_What is needed_: Would you repeat the whole listing exactly, pictures excluded?

---------- Information shown ----------

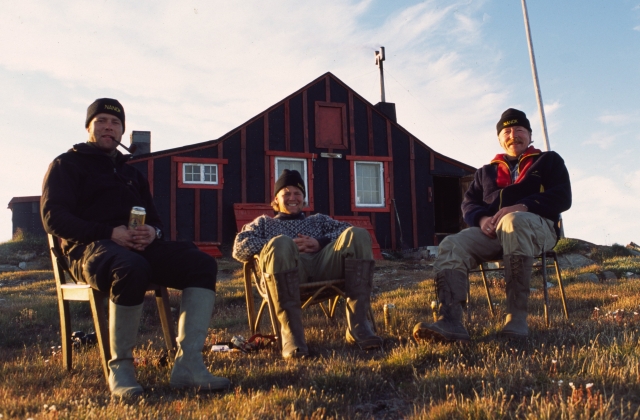 Midnight at Nanok - the Hochstetter station: Erik Jochumsen, Søren Kristensen and Peter, August 2004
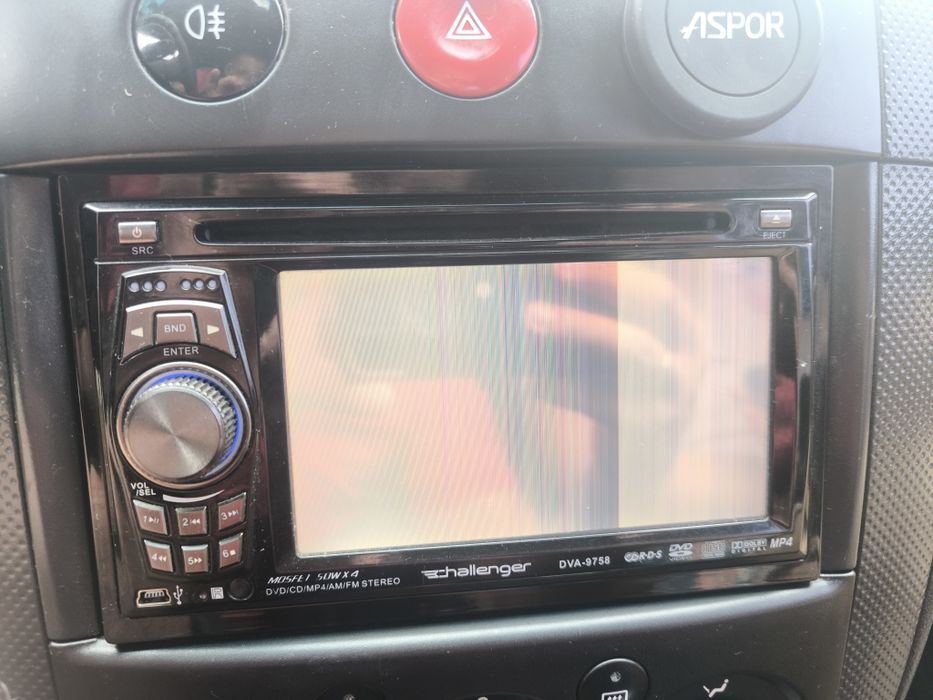 Автомагнітола CHALLENGER DVA-9758

1 236 грн.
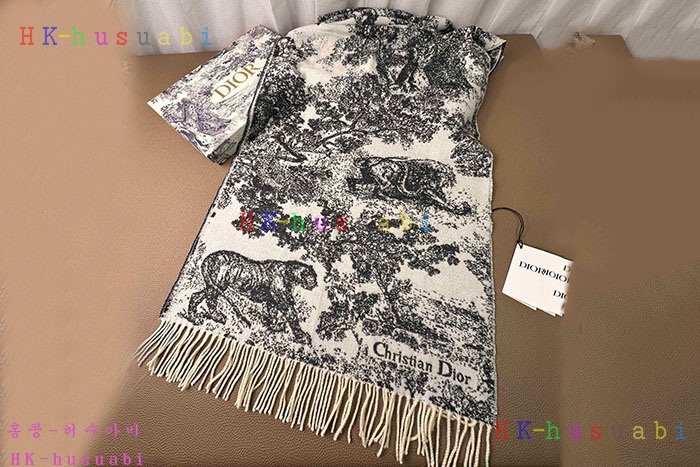 NEW 디올 스카프 신상 DR 560016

----------

_Output below_:
 Midnight at Nanok - the Hochstetter station: Erik Jochumsen, Søren Kristensen and Peter, August 2004
 Автомагнітола CHALLENGER DVA-9758

1 236 грн.
 NEW 디올 스카프 신상 DR 560016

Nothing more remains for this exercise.